Emmanuel Macron veut garder de la prudence
Interrogé sur le sujet en marge du conseil des ministres franco-allemand, Emmanuel Macron a déclaré : « Je pense qu’il faut garder beaucoup de prudence et veiller à ce que, [ce qui] est une spécialité de certains dans la région, qui peuvent avoir partie liée au demeurant avec (…) nos amis russes, [certains] ne fassent pas de manipulation, donc nous attendons des clarifications de la part de M. Traoré sur ce sujet ». Entre les lignes, il faut y comprendre que le départ du contingent français au Burkina Faso serait une ligne de fracture au sein du gouvernement burkinabé.
Il y a d’un côté les pro-russes, qui souhaitent confier la lutte anti-terroriste au sein du pays aux mercenaires de Wagner, tandis que de l’autre côté, il y a les pragmatiques qui préfèrent se fier à la présence française. Dans l’attente de savoir plus, on peut dire qu’à cette heure, le président Traoré marche sur une ligne de crête.

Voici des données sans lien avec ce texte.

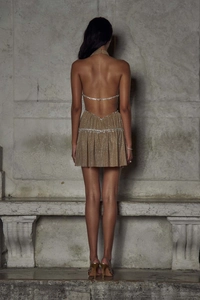 Dettaglio dell'abito mini con paillettes color oro champagne, schiena nuda e strass lucidi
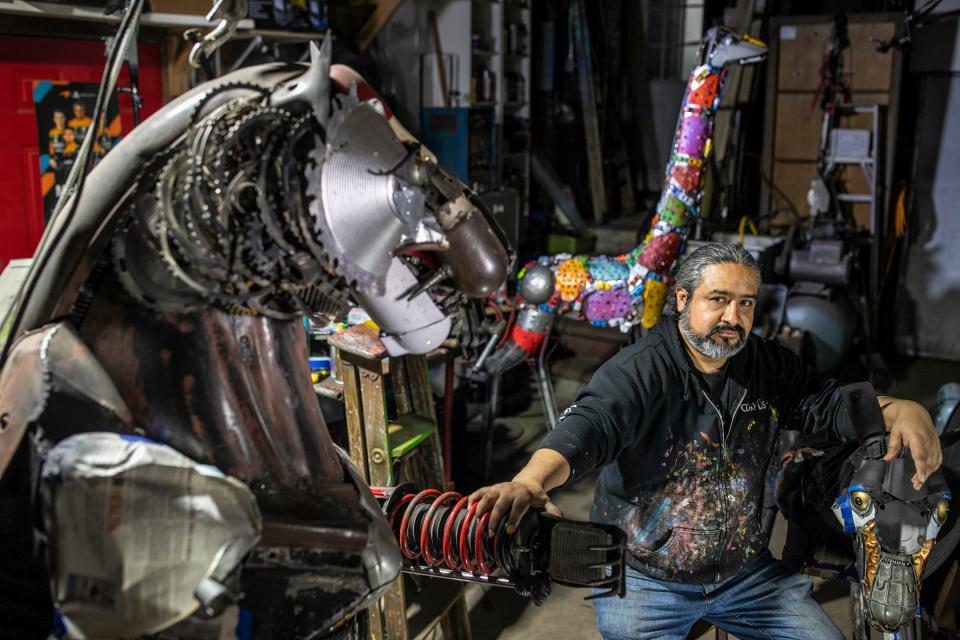 Elton Monroy Duran, 45, is a conceptual artist living in southwest Detroit and works out of his garage sculpting metal into what he calls the Alebrijes of the Motor City, on Thursday, Feb. 8, 2024. Alebrijes are brightly colored Mexican folk art sculptures of fantastical, mythical creatures and Duran’s are made from auto parts that shaped the auto industry. Duran is making a connection between the Mexican workers that contributed to the car industry in the 1920s and the growth of the auto industry, like the Model T.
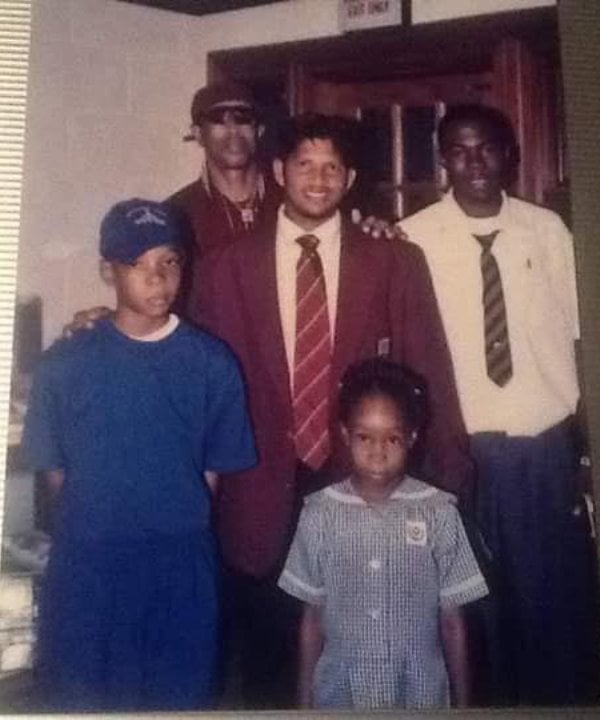 Roston Chase (in blue) childhood photo with his idol Ramnaresh Sarwan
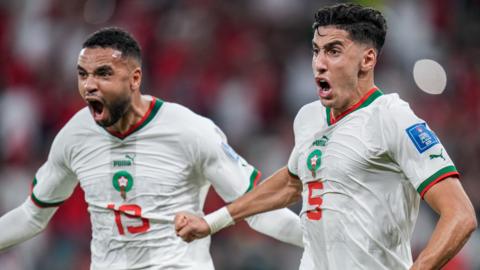 Morocco players celebrate scoring against Belgium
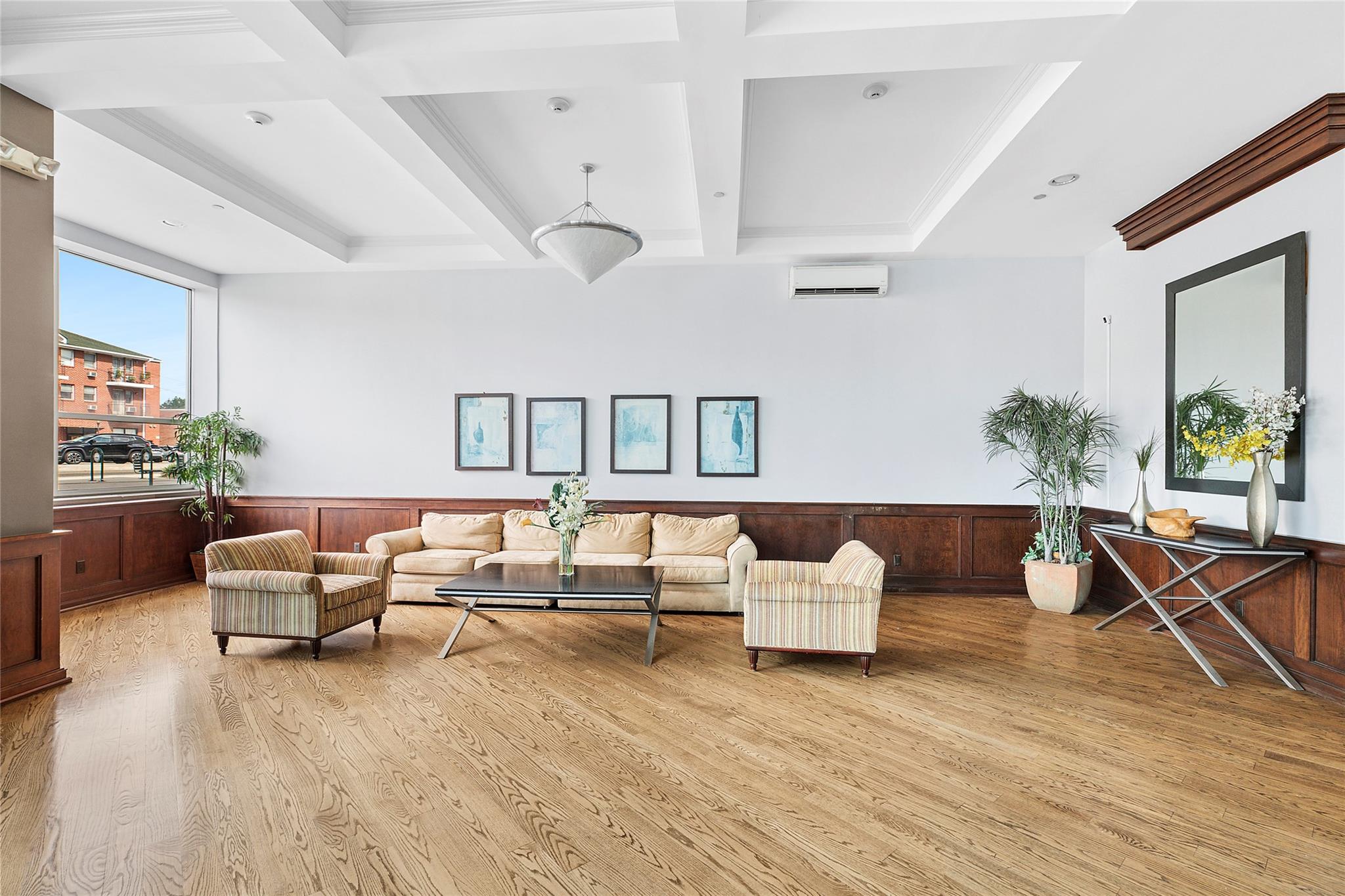 130 Post Avenue, Unit 316 Westbury, NY 11590 - Photo 14 of 15 Living area featuring light wood-type flooring, coffered ceiling, beam ceiling, and a wainscoted wall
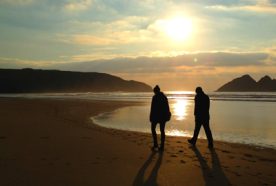 A couple walk silhouetted on the beach by a setting sun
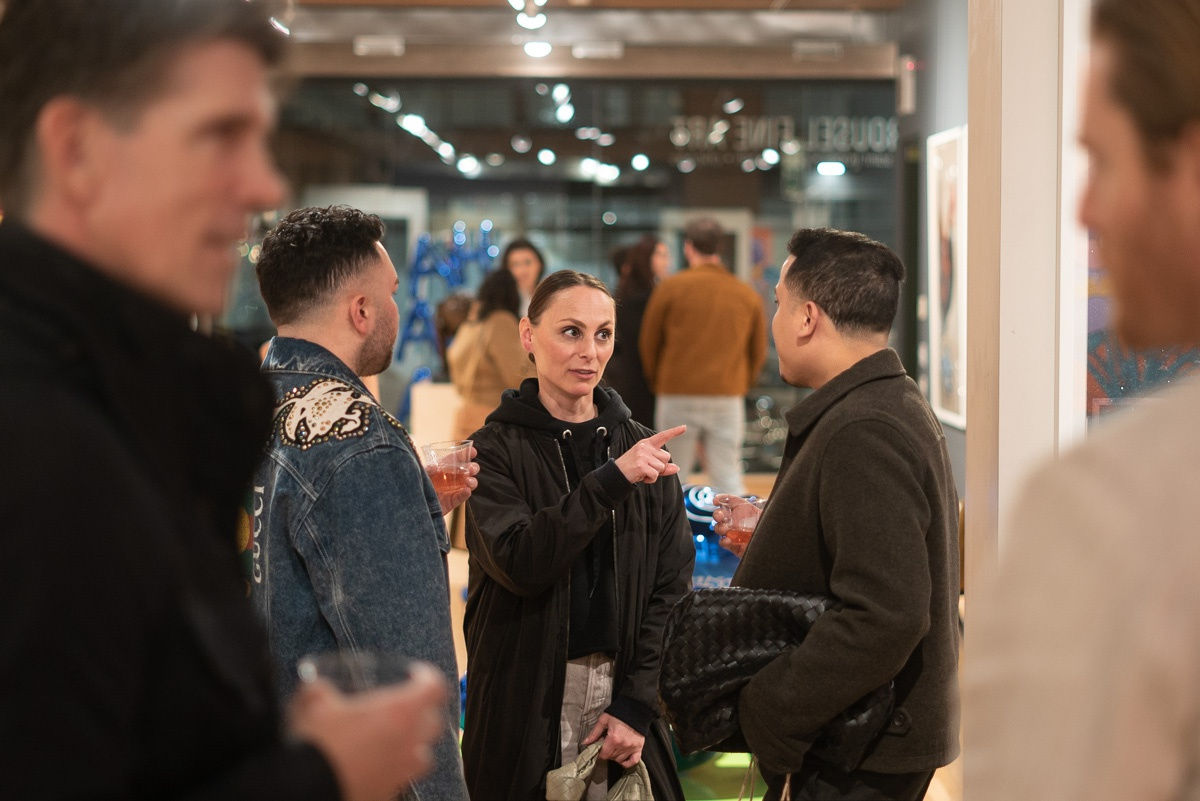 People in Carousel Fine Art's Chicago location during the Chicago Grand Opening.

Malin qui pourra prédire l’issue de cet imbroglio…
Départ effectif des forces spéciales fin février
Suite à cet imbroglio diplomatique, le gouvernement burkinabé a finalement confirmé avoir envoyé le courrier à Paris, souhaitant mettre un terme à l’accord de défense. Les 400 hommes des forces spéciales qui occupent le camp militaire de Kamboisin vont devoir lever le camp, et plier bagages vers une autre destination africaine. Selon un sous-officier sur place (qui gardera l’anonumat-, que nous avons réussi à joindre « Cet épisode ne laissera pas de traces, nous ne faisons pas de politique. On s’adaptera comme on a toujours fait ». En revanche, compte tenu du contexte, pas sûr que les forces spéciales s’offrent des écussons spécifiques pour fêter la fin de l’opération, comme il est coutume de faire chez les commandos.